Starting in late January, Massachusetts has been battered by major snowstorms that have blocked roads, buried parking spaces, and caused widespread power outages. MBTA service has been limited, and even shut down in places. Snow and ice continues to block roads, keeping people away from shops and restaurants and impeding industrial and agricultural operations.

According to Christopher Geehern of the Associated Industries of Massachusetts, employees are having trouble getting to work, and companies are having difficulties distributing their products. Industrial businesses are also spending a lot of time on snow removal.

Here are some other ways the snow is impacting the economy.

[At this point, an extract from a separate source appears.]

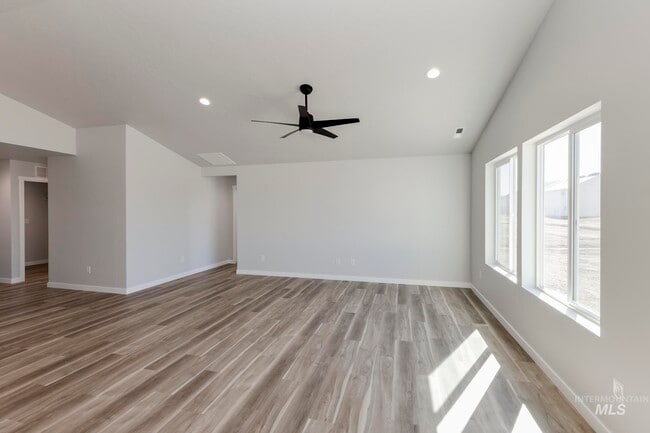 1650 Dyer St, Middleton, ID 83644 - photo 7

The Mystic Generating Station, an eight unit oil and natural gas power facility on the Mystic River across from Charlestown, lowered output to keep snow and ice in the river from making the plant malfunction. Workers also shoveled the flat roofs on the facility constantly. Kevin Thornton, a spokesman for the plant’s owner Exelon, said that the plant put workers in a hotel and provided food to make sure that they could get to work despite the snow. The plant has about 100 workers and the ability to power roughly two million homes. “The biggest costs have been snow removal,” Thornton said.

Insurance broker Marsh & McLennan in Worcester is seeing more claims for ice dams on roofs that have caused leaking and collapses. Jerry Alderman, president of property and casualty in New England, expects an increase in auto claims from snow and ice as well. Snow removal services are stretched very thin.

Economist Michael Goodman said that all the bad weather in January and February could cost the state billions of dollars while, according to a study by IHS Global Insight, a one day shutdown due to snow in Massachusetts would cost the state’s economy about $265 million.